For an incremental motion encoder to indicate the absolute position or location of the object along its route, an index pulse is generated at least once along the route. The incremental signals can be used to count incremental movement from the index pulse. If the position of the object is known at the time the index pulse is generated, the absolute position of the object at any place along the route can be determined.
Therefore, to provide an indication of absolute position, change in location and direction of movement, an incremental encoder usually requires three channels of information. Two channels are derived from two or more out of phase encoder signals that are produced throughout the route of the object, and a third is an index signal produced at least once along the route at a known position of the object.
Such a position encoder or a movement detector is used to measure the angular position of a shaft. Depending on the use of such a shaft angle encoder, a high degree of resolution and accuracy may be needed; for example, an automotive crankshaft angle measurement applications or accelerator speed control, a resolution of 2000 increments per revolution of the shaft may be necessary. Accuracy of the correlation between the signal from the encoder and the actual mechanical position of the shaft is also important. Mechanical alignment discrepancies can adversely affect accuracy as can electrical noise, due to the very small dimensions of the code wheel, the transmissive sections and the nontransmissive sections.
To accurately detect the index pulse, a push-pull electronic arrangement may be used to determine the location of the index pulse. In such an arrangement, two photodetectors are arranged laterally adjacent one another in alignment with a light source; a circular code wheel fixed to the shaft separates the light source and the detectors. When one of the detectors is illuminated, a logic signal of one sense, such as a "1", is produced. When a spoke on the code wheel occults the illumination, the opposite logic signal is produced, such as a logical "0." Then as the index window passes over the detectors, one detector will generate a logic 1 of long duration, followed an instant later by a logic 1 from the second detector. The direction of travel of the code wheel may be determined by sensing which detector is first to generate a long duration of logic 1.

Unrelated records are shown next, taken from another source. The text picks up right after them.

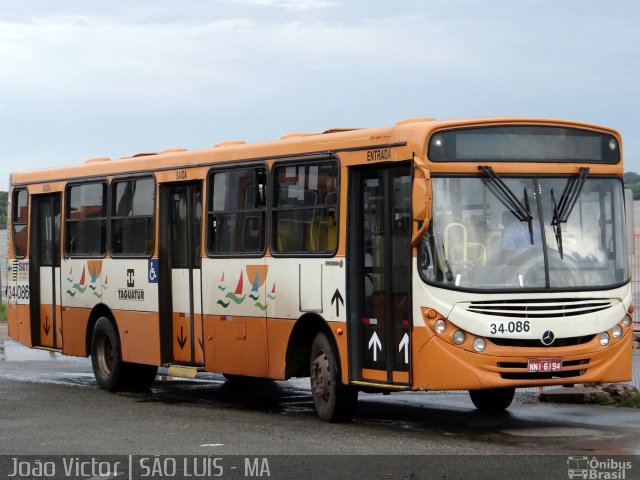 Taguatur - Taguatinga Transporte e Turismo 34-086 na cidade de São Luís, Maranhão, Brasil, por João Victor. ID da foto: 2488646.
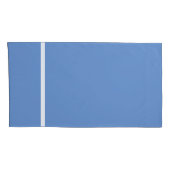 空色の白のストライプのトリム 枕カバー (裏面-右)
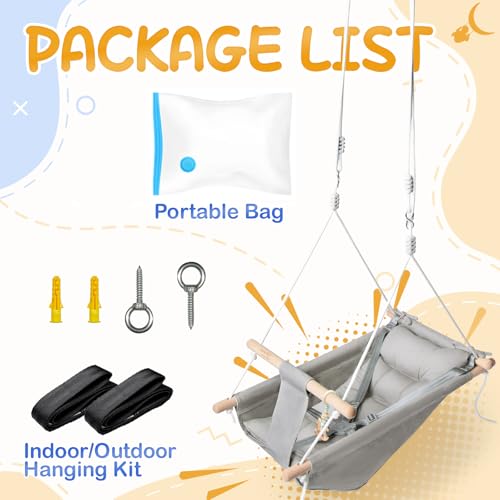 Gray Indoor Outdoor Baby Swing for Toddler & Baby Grow-Up Seat - Safety & Comfort
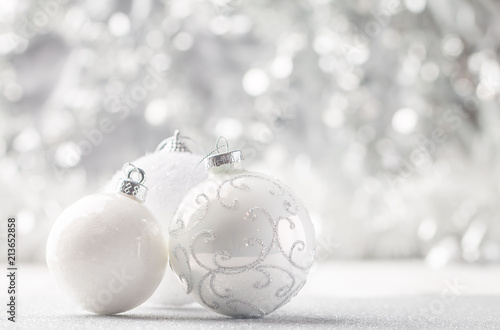 Silver and White Christmas balls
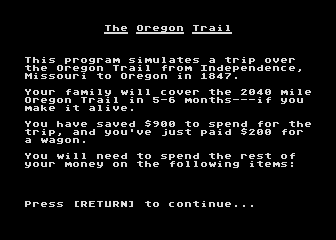 Oregon Trail (The) atari screenshot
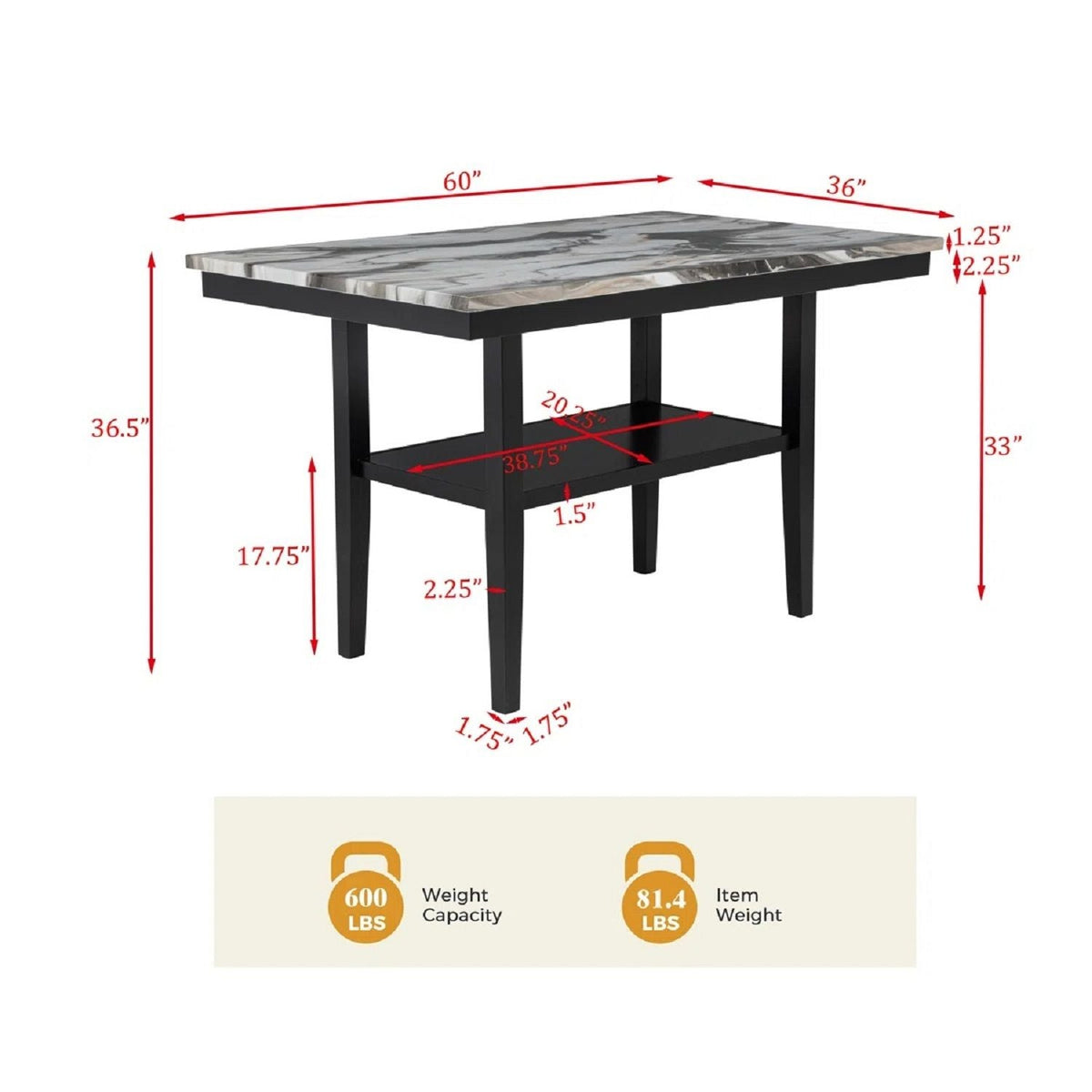 Counter Dining Table with Storage Shelf - Black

An optical encoder that produces an index pulse having the same logic value regardless of the direction of rotation of the code wheel has three photodetectors arranged laterally adjacent one another in alignment with the light source. The principal photodetector has a unit width; the two secondary photodetectors each have a one-half unit width. The secondary photodetectors are preferably arranged to be occulted by a spoke or adjacent spokes of the code wheel when the principal photodetector is illuminated by the light source. The principal photodetector is preferably mounted between the second and third photodetectors. Alternatively, the two secondary photodetectors can be mounted on one side of the principal photodetector. Each photodetector can produce a logic level in response to the detection of light or the absence of light.
The code member has a code wheel with a circumferential track comprising a plurality of alternating windows and spokes for alternately transmitting or blocking the light upon movement of the code wheel. Each window and each spoke has a unit width. The encoder preferably includes a circuit for processing the photodetector output signals. The circuit comprises a buffer circuit for processing the output signals, having a first input connected to the output of the two secondary photodetectors, and a second input connected to the output of the principal photodetector.

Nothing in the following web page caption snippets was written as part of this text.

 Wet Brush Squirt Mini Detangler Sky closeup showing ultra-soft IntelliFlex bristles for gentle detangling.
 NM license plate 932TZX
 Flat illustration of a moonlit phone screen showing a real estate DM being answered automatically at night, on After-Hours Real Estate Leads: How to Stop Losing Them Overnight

A desirable feature of the optical encoder is the capability of using code wheels of differing density with a particular photodetector. The density of a code wheel is defined by the size of the principal photodetector relative to the size of the window or spoke of the code wheel. For example, a code wheel of equal density to that of the photodetector has a window and spoke each with a width equal to the width of the principal photodetector. Similarly a half density code wheel has a window and spoke each with a width that is twice the width of the principal photodetector.

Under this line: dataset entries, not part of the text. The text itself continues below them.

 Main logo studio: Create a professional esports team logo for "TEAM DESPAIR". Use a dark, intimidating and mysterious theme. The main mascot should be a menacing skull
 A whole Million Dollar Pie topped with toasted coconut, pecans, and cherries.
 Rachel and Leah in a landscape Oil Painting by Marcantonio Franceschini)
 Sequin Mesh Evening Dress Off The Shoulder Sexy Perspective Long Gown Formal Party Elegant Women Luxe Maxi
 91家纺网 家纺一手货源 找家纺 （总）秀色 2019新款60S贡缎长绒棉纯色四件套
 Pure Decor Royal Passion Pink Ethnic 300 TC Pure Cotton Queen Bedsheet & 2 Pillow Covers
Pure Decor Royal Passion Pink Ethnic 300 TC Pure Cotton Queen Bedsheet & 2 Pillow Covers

A half density code wheel also functions as a slot interrupter because a window allows the light source to totally illuminate both the principal and secondary photodetectors, and a spoke completely occults both the principal and secondary photodetectors. However, for the previously described embodiment, the photodetector can produce an ambiguous output signal when both the principal and secondary photodetectors are either entirely illuminated or entirely occulted.
Thus it is desirable to provide an optical encoder apparatus which produces an unambiguous output signal for code wheels having equal or lesser density than that of the photodetectors. Preferably this is provided by modifying the photodetector rather than changing external hardware.